WHAT THE TASK ASKS → The word "image" marks the lines to copy; find all of them in the entries below.

EXERCISE INPUTS →
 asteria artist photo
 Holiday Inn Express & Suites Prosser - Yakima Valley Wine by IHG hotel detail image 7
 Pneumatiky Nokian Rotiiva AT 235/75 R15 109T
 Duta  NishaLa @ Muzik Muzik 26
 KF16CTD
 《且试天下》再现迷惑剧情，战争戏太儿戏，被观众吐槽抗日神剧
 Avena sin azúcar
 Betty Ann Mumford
---
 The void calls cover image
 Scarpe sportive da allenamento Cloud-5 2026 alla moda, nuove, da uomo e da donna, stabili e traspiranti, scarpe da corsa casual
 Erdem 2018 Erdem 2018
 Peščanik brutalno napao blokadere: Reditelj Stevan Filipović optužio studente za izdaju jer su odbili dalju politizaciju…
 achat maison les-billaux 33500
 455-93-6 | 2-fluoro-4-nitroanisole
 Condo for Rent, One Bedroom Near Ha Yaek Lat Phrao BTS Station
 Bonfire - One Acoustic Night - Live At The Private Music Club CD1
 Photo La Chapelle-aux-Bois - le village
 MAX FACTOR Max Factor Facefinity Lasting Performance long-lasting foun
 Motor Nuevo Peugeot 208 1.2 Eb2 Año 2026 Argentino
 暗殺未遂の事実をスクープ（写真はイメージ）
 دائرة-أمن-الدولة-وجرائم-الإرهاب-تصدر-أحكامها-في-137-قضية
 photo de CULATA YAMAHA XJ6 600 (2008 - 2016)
...
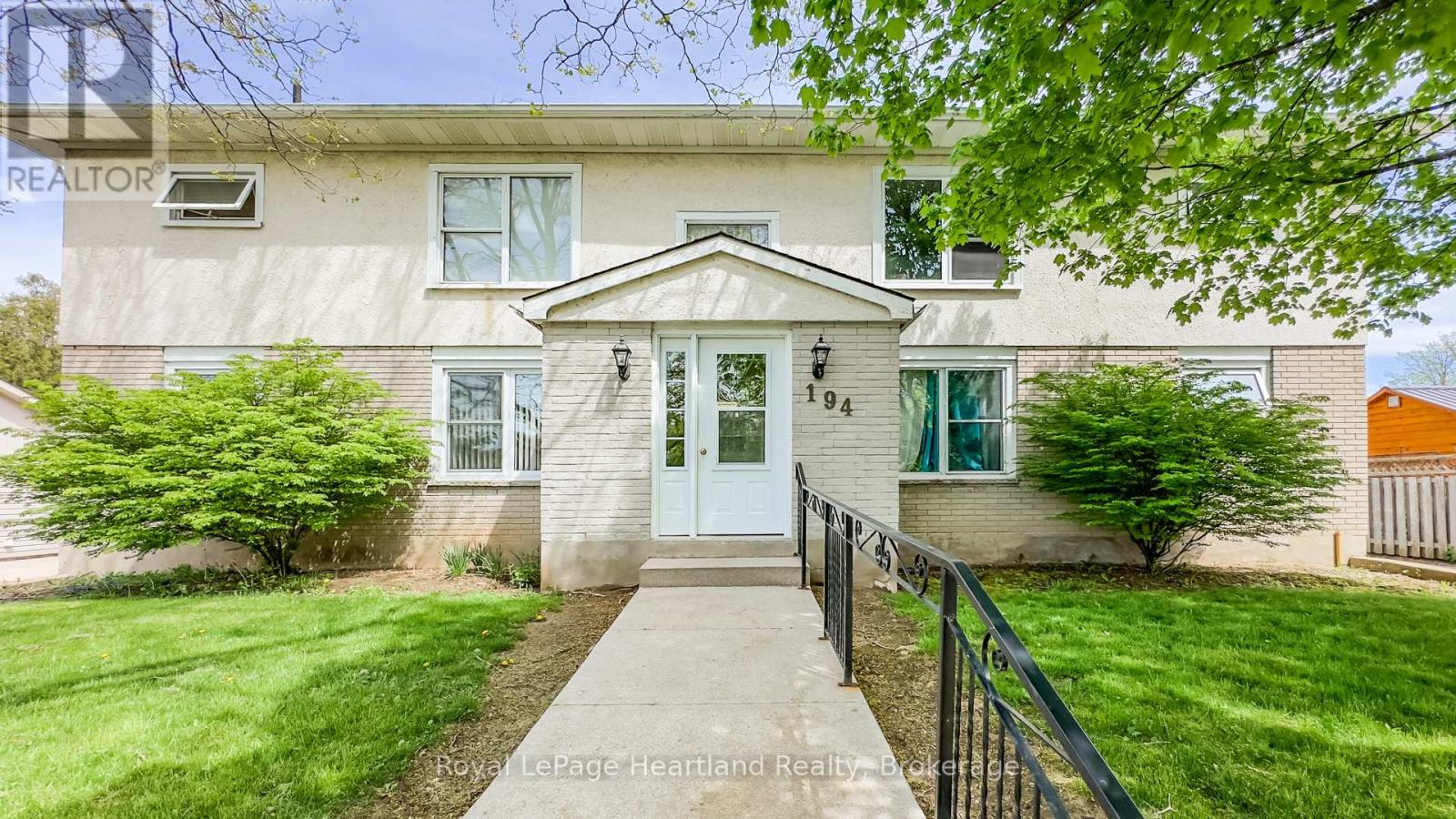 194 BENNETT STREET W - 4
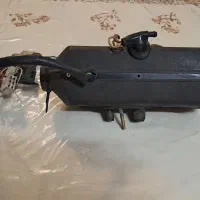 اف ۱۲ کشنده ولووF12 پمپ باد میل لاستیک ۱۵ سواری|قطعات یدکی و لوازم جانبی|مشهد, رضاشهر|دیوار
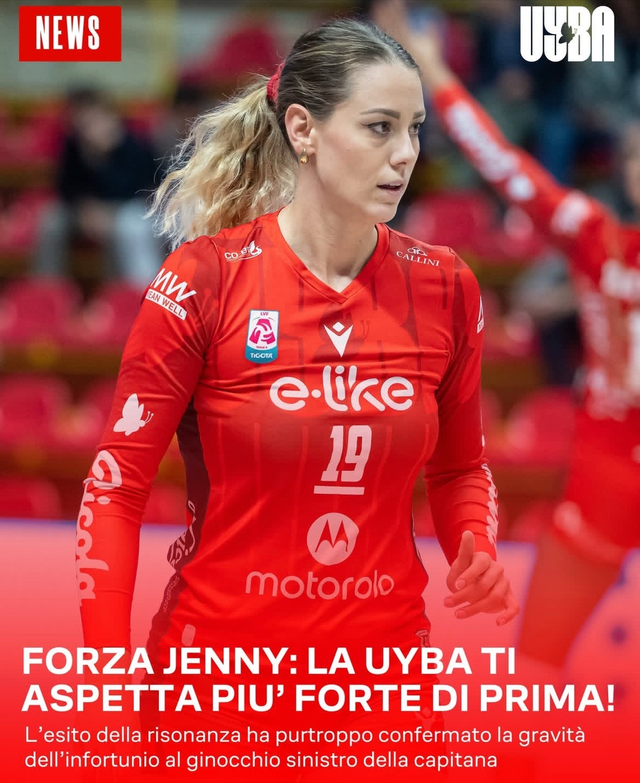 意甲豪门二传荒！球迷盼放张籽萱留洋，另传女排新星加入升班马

TASK OUTPUT →
 Holiday Inn Express & Suites Prosser - Yakima Valley Wine by IHG hotel detail image 7
 The void calls cover image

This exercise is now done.